Premiers incidents répertoriés à N’Zérékoré dans le sud du pays, à l’heure où j’écris ce billet on fait état de nouvelles violences en début de soirée à Conakry lors de l’arrivée du candidat Cellou Dalein. Les Rpgistes (militants du RPG, parti du président Condé) et les Ufdgistes (militants de l’UFDG de Dalein) seraient une énième fois entrés en collision.

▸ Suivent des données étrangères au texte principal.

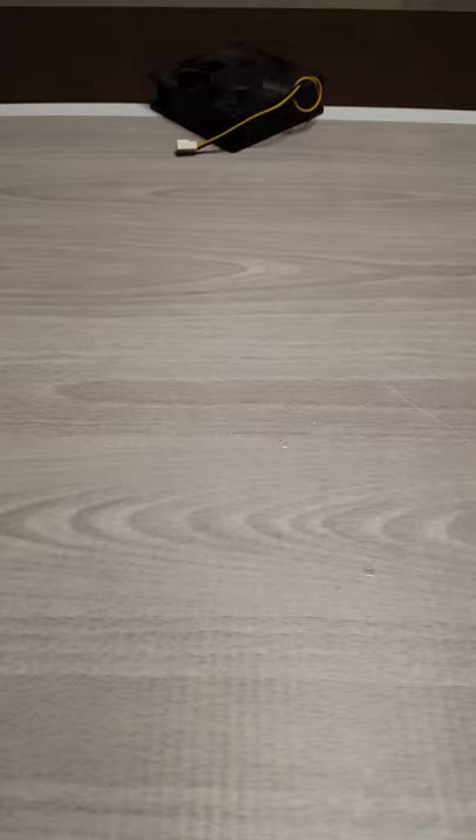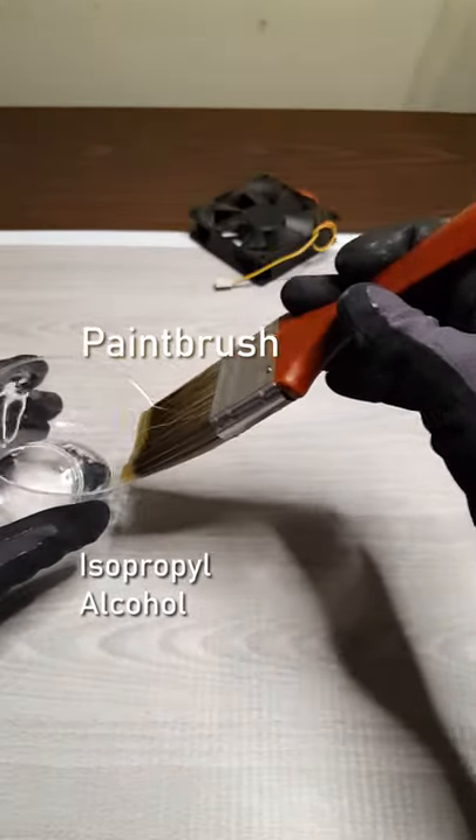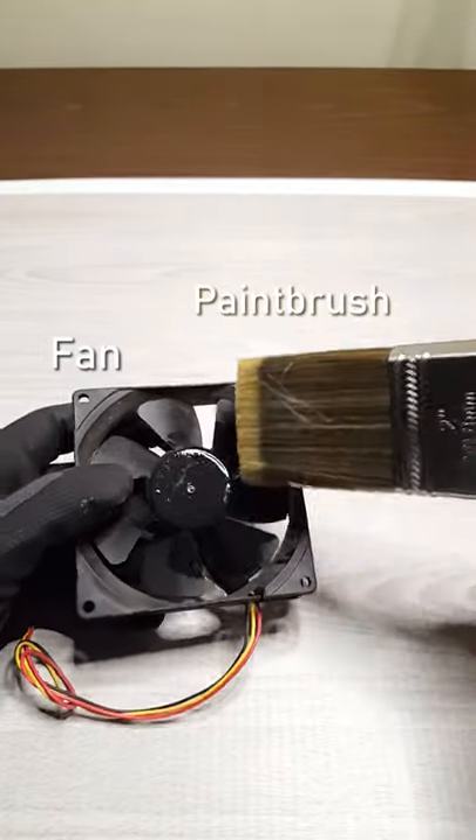Get a soft bristle paintbrush and some isopropyl alcohol. Dip the paintbrush in the alcohol, only getting a little on it. Then just start brushing down the entire fan.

Notons au passage qu’il existe un vrai problème avec ces deux principaux partis et leurs militants. Les uns estiment qu’ils ont été lésés lors des élections de 2010 lorsque le candidat malheureux Cellou Dalein n’a juridiquement pas contesté les résultats en raison du climat déjà explosif régnant à leur sortie, ne voulant pas envenimer la situation. Ils ont maintenant la ferme intention de rattraper cet « échec » qu’ils considèrent toujours comme étant de la fraude électorale. Le système Waymark utilisé à l’époque par la Céni dans les bureaux de vote a été largement décrié. Puis de l’autre côté, le RPG qui compte bien rester au pouvoir pour « achever la mission qui leur a été confiée par le peuple ». Bienvenue dans le pays du dialogue de sourds.

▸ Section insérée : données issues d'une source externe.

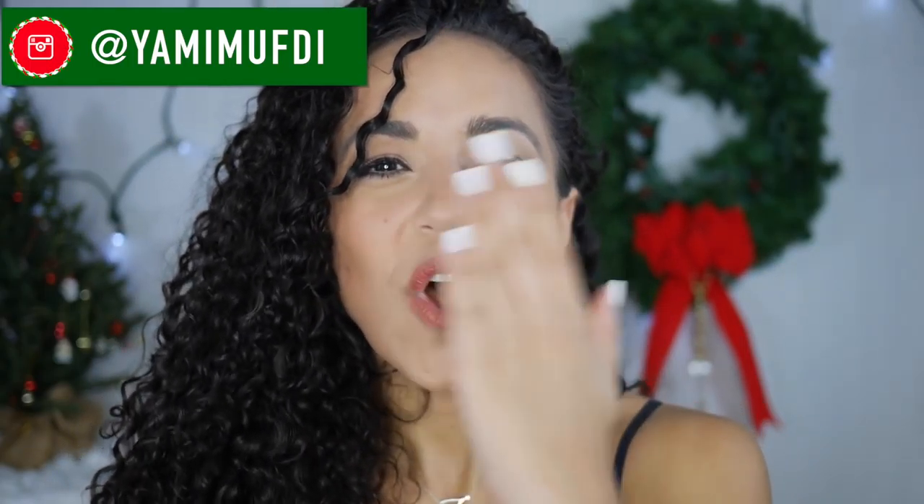And that's it guys! I hope this was a little bit entertaining at least. If you guys have any questions on any of the products, please leave them down below and I'd be happy to answer them. Everything that I mentioned will be in the description box below, so feel free to click away. Now I'm going to go figure out what to wear for this party — wish me luck. Thank you so much for watching. Please give this video a thumbs up if you enjoyed it, subscribe if you haven't already, and I'll see you guys in the next one. Bye!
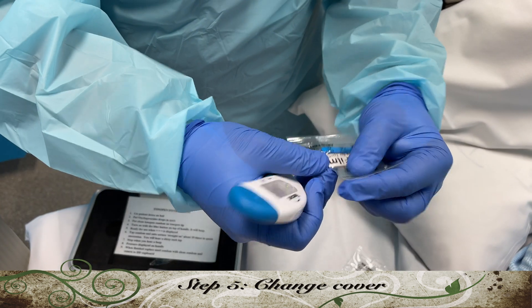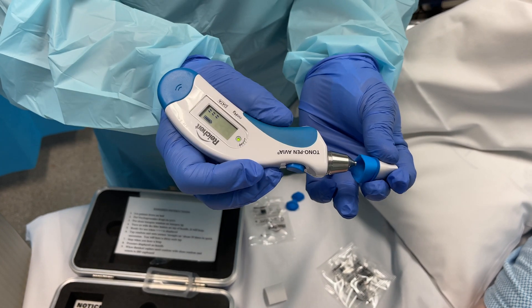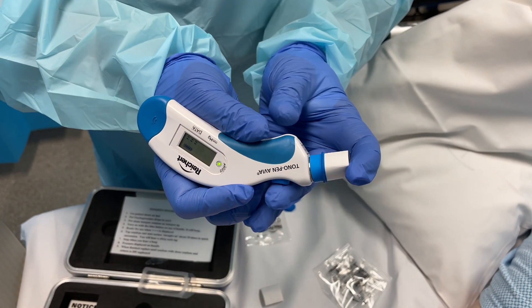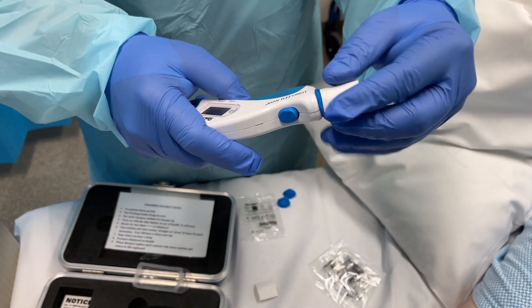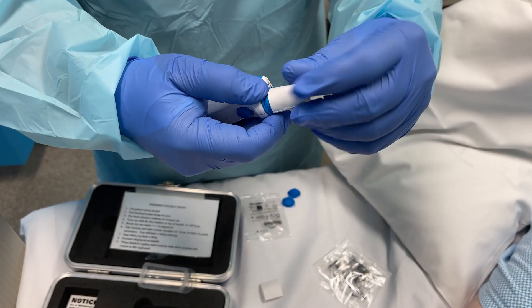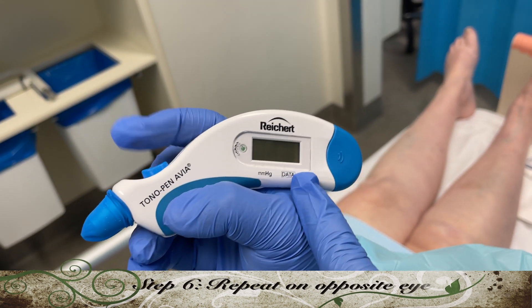Now you'll need to change your probe cover between eyes. Again, don't contaminate the tip — keep your hands away from the tip. The machine may time out, so just click the blue button to reactivate it.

Comme si la Guinée était condamnée au supplice de Tantale, ses fils se livrent à un éternel recommencement. Ils se sont montrés incapables de prendre exemple sur un pays comme le Burkina Faso qui s’est levé en un même et seul homme pour accomplir leur devoir patriotique de façon majestueuse. La jeunesse burkinabé fut un exemple pour l’Afrique, une et indivisible devant l’intrusion et la prise en otage du pouvoir par une frange de l’armée. En Guinée, ce cas de figure où la population mettrait de côté ses motivations personnelles pour le bien du pays, pour la démocratie serait impossible. Cette fois encore, je ne serai pas étonnée de constater que les Guinéens n’iront pas aux urnes sans dégâts et pertes en vies humaines.Tout est dans l’éducation politique et la mentalité encore une fois.

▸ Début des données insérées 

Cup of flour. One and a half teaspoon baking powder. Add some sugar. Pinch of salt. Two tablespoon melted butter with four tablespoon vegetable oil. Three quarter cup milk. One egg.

L’épidémie Ebola bien qu’inachevée sur le sol guinéen est passée de mode. Je reviens de Conakry où les pancartes publiques de sensibilisation et de prévention pourtant bien plus utiles ont été lentement mais sûrement remplacées par des banderoles électoralistes. Les points presses se font de plus en plus rares sur la maladie en dépit du fait que des centres Ebola soient encore présents sur le territoire guinéen. Des milliers de Guinéens se frottent et se touchent oubliant toutes précautions sanitaires lors de grands rassemblements creux et vaseux à l’honneur de politiciens égoïstes et avides de pouvoir. Les Guinéens ont désormais d’autres soucis que de se prémunir d’une maladie aussi grave, n’en déplaise à l’OMS qui n’a pas encore déclaré le pays « Free Ebola Zone »… Pendant ce temps-là, deux cas confirmés dans des centres de traitements et quatre suspects .
Inconscience à l’état pur vous me direz, et je vous donnerai raison.
Bref, la Guinée aura encore rendez-vous avec son destin ce 11 octobre. Saura-t-elle honorer ce rendez-vous ? Saura-t-elle se comporter en jeune homme élégant, galant avec la gente dame démocratie ? On y croit qu’à moitié… Ça semble mal parti, mais de bonne foi, on veut bien lui accorder le bénéfice du doute.